The chief bond that binds such a life together is its most marked characteristic - changeableness, instability, uncertainty.
For it is the end - the aim - that interprets the life; we judge people not so much by their attainments as by the tendency, the bent of their life. One may use great and excellent gifts for some unworthy purpose, and even though the purpose may never be attained, we know that it has demoralised the character. We judge one another not so much by what we are as by what we are becoming, trying to be. A person who aims at some noble end in life is noble; the difference between the commonplace life and that which is above the commonplace lies mainly in the region of motive. Before you can understand why one man, with all his failures and blunders, is so different from another, who is in many things more successful, you must understand what it is that inspires his life. The person whose life from first to last is inspired by the noblest aim, however constantly it may fail, however devoid it may be of the brilliancy of natural gifts, lives the most noble of lives.
For all the world's coarse thumb and finger could not plumb,
So passed in making up the main amount;
All instincts insecure, all purposes unsure,
Which count not as the work, but swell the man's account.
Thoughts that could not be packed into a single act,
Fancies that broke through language and escaped.
All that I could not be, all men ignored in me,
This I was worth to God.
What, then, ought to be the aim that inspires the whole character of one who would live the best and noblest life on earth? Many things at once occur to us that would appeal to ambition and call for applause; some necessitating one great gift, some another; but the greatest and most perfect life does not necessarily require great gifts - it lies open to all: it has, not rarely, been lived by those who have been below the average so far as natural endowments are concerned. It is, indeed, a wonderful homage to the power of a great motive to stamp itself upon and develop character, that there are not a few whose names are known in history only on this account, who otherwise would have been lost in the crowd of the commonplace; but they were lifted up and made great by the motive that formed and governed their lives.
And what motive, then, lies open to all, can equally be followed by all, and makes all great who follow it? It seems a very simple one, yet it involves much; it is to fulfill as perfectly as possible the purpose for which one was created by God and placed here upon earth. 'As God hath distributed to every man, as the Lord hath called everyone, so let him walk.' (1 Corinthians 7:17) No one can do better with his life than that, no one can put it to a better use. Any life must be perfect in proportion as it does what it was made to do. There are many lives that are brilliant failures; they strive after many things which they were never intended to do, and fail in that one thing. In proportion as this purpose is considered and aimed after the life is a success. It seems strange that a reasonable being should never ask himself why he was put upon earth, or that it should not occur to him that the reason must be found in the will of his Creator.
I employ a man to do a certain piece of work for me at a certain price.
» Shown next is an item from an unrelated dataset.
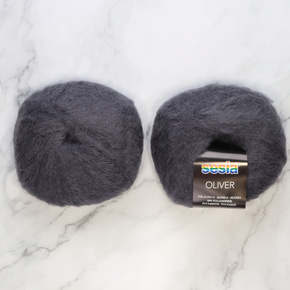 Sesia Oliver: 1665 Dusky Purple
He comes to me at the end of the day and says, 'I have been very busy all day; I have spent all my time in doing some work of my own that I was anxious to finish.' I answer, 'But you have not done the work that I employed you to do; you have been full of your own plans, not mine; therefore, I shall not pay you.' At the end of the day of our earthly life we have to answer to our Maker whether we have been employed about our own work or about His, whether we have even made an effort to find out what He would have us do.
A life which is inspired by such a motive is sure to be a success, for of this we may be absolutely certain, that each of us can fulfil in our life that for which we were created. We cannot be sure that we have the gifts needed for any other purpose; there is at least a risk about it, but in this there is no risk. For God, in creating us, equipped us for the work for which He created us. We have every gift of nature and of grace, of mind and body, which is needed for this work. These gifts can no doubt be used for other ends, and the more brilliant they are the more diverse the uses to which they can be put. Many, not caring to find out what they were given for, may altogether abuse them, or use them for purposes that can never develop them to their full capacity, and consequently the character of the person who possesses them will suffer, and the life will fall short of real success. Often the source of discontent, and restlessness, and lack of peace in a life, which from its power and influence and many gifts is the envy of others, is the half consciousness that the aim is not right, that the powers are not being used for the purpose for which they were given.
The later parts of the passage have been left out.